We never left the Zone of Interest

Jonathan Glazer’s Zone of Interest has been read by critics as a reflection of the banality of evil. But, what if it in its materialist insistence on impersonal forces, it is actually about not evil's banality but its ubiquity?

Jake Romm28 June 2024

We never left the Zone of Interest

Jonathan Glazer’s Zone of Interest was fated for an odd reception. Not simply because he has produced another of the always controversial films about the Shoah. Not only because the film was released while Israel, which has used the Shoah as both a shield and a bludgeon, is perpetrating its own genocide against the Palestinians. But because Glazer’s film is materialist, implicating not just the viewer but the world itself.

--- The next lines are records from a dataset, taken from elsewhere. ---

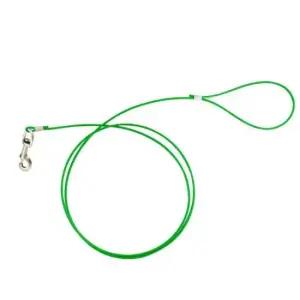 와이어 중대형견 산책줄 목줄 리드줄 트레이닝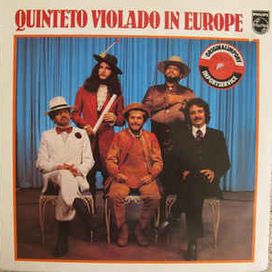 Quinteto Violado In Europe - 1979 • Álbum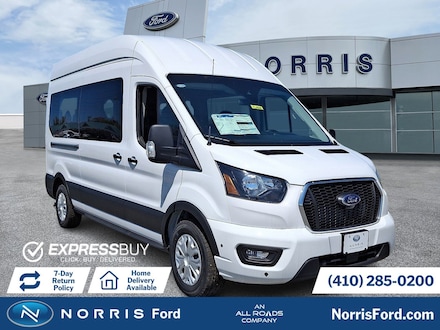 2024 Ford Transit Passenger Wagon XLT Wagon High Roof Van PASSENGER VAN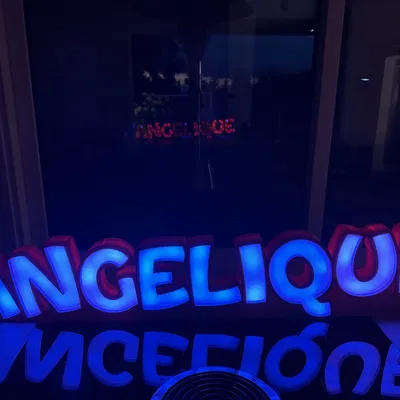 Đèn LED tên ANGELIQUE cho bé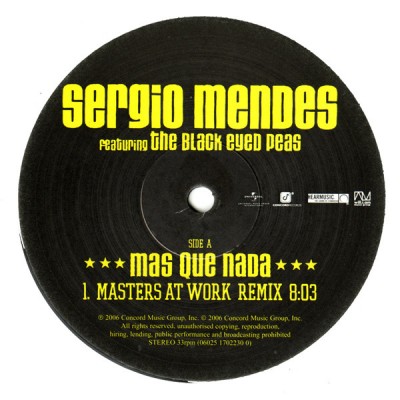Sérgio Mendes - Mas Que Nada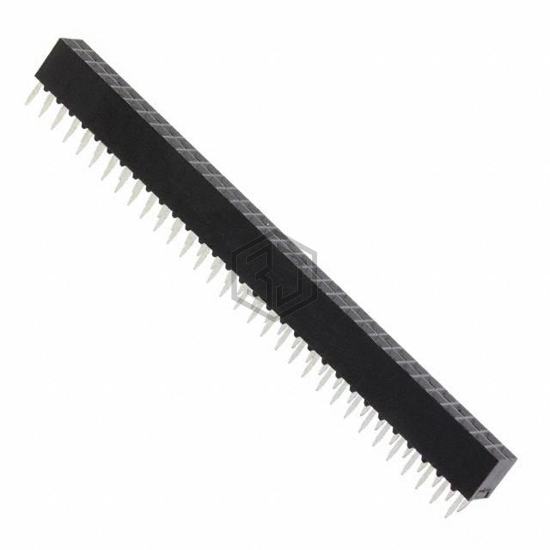 3-535542-2 - TE Connectivity AMP Connectors - Rectangular Connectors - Headers, Receptacles, Female Sockets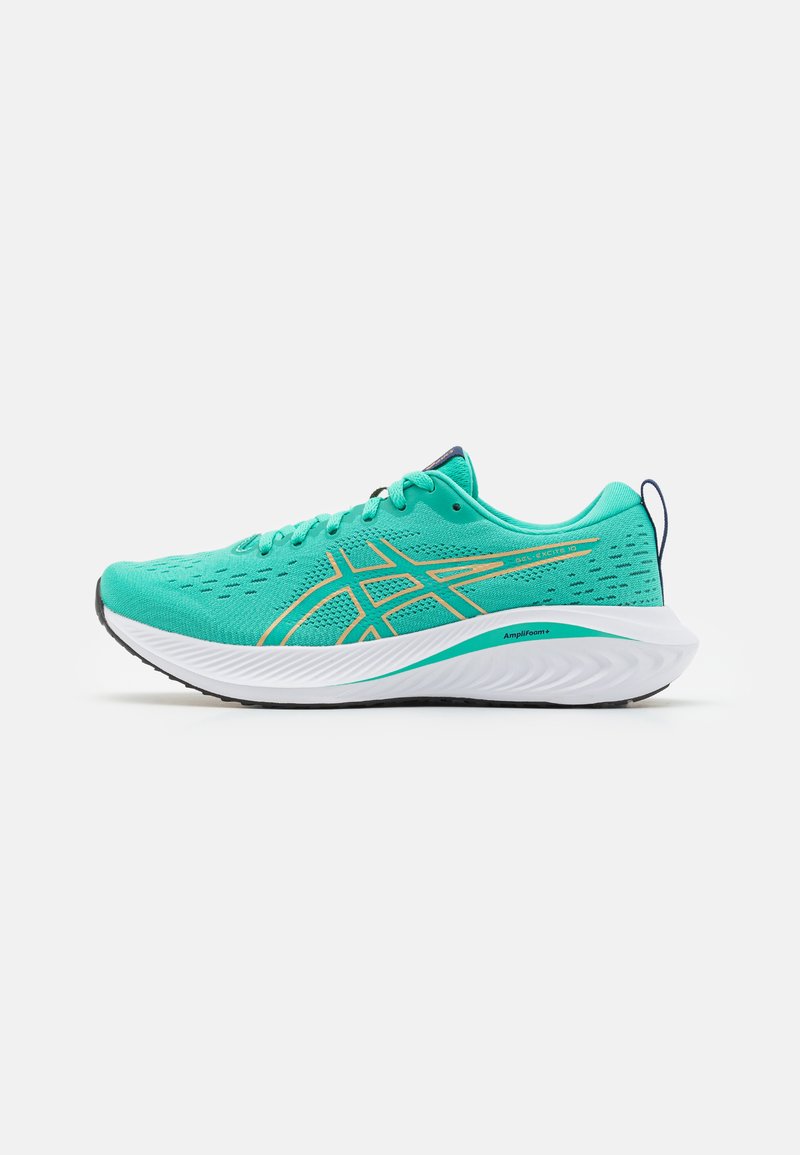ASICS GEL-EXCITE 10 - Maanteejooksu jalatsid - aurora green/champagne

A brief recap: the film shows the life of Rudolf Höss, the commandant of Auschwitz, his wife, Hedwig, and their young five children, as they build their ideal life on a homestead abutting the gates of the Nazi concentration camp. Hedwig receives “treats” and clothing looted from Jews and dispenses them to her servants and friends; she tends her flower and vegetable garden (“a paradise garden,” her mother calls it), to be completed by vines covering the unseemly gray of the camp walls. The children play with gold teeth ripped from the camp’s victims. They splash in the garden’s pool and pretend to gas one another in the greenhouse. Höss attends to his business—evaluating crematoria designs, managing the camp officers—but still finds time to horseback ride with his son and read bedtime stories to his daughters. Friends come over and gossip at the kitchen table, slaves and servants tidy up and serve schnapps. But this idyll is short lived: Höss receives a promotion that takes him from his beloved Auschwitz to dreary Oranienburg. Hedwig, his wife, stays behind, refusing to abandon the life she has built for herself and her children. Höss floats, detached, around Nazi high society, prepares for the deportation of Hungary’s Jewish population and—oh happy days—is eventually told he can return to Auschwitz to run the operation which, due to his logistical expertise and unparalleled service, now bears his name.

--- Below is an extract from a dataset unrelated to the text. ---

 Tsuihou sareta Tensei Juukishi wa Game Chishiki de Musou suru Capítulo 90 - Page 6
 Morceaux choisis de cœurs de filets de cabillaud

As far as story goes, this is the entirety of Zone of Interest. Nor does the film compensate for its lack of plot with rich characterization or psychological depth (despite masterful performances, particularly that of Sandra Hüller). Rudolf is reserved and workmanlike, his voice never rises, his movements are never hurried (save one scene of minor panic), his affect remains flat. Hedwig displays more complexity, but barely: she walks with an ungainly hobble, she furtively delights in her loot, she putters about her garden, her pride and joy, she lashes out at her servants. Her only opaque interaction comes when she offers a Polish worker a cigarette, ordering him to stand and smoke while she sizes him up (a potential affair while Rudolf is in Oranienburg, or the casual interest an exterminator’s wife might take in an insect?).

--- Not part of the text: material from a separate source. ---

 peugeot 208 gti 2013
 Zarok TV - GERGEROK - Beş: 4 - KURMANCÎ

The film is radically uninterested in its human subjects, which is part of why the constant critical invocations of Arendt’s banality of evil misses the mark. Höss, as many have pointed out, was not merely a “company man,” he was a committed Nazi—an early adopter, even—and a man who pursued his work with singular acumen. He is not a man who speaks or thinks only in cliché, who has subordinated his will or capacity for thought to the party. He is portrayed, rather, as a man with a unique genius and fervor for extermination, a quiet egomaniac with an investment in his work for reasons of personal satisfaction as well as professional and ideological reasons. But most of all, according to a letter of recommendation in the film, “He is a model settler farmer, and an exemplary German pioneer of the East”.

If there is any characterization essential to the film it is this: the Höss’s are settlers. When Hedwig shows her mother her “paradise garden,” she states, “this was a field three years ago”— she “made the desert bloom,” as it were, turning “unproductive” land, insufficiently developed, into a homestead complete with concentration camp, the ultimate paean to the cult of productivity. “They’d have to drag me out of here” Hedwig says, when Rudolf tells her that they must leave for Oranienburg, 

this is our home. We’re living how we dreamed we would…everything we want on our doorstep. And our children are strong, healthy and happy. Everything the Furher said about how to live is how we do. Go East. Living Space. This is our living space. This is our living space.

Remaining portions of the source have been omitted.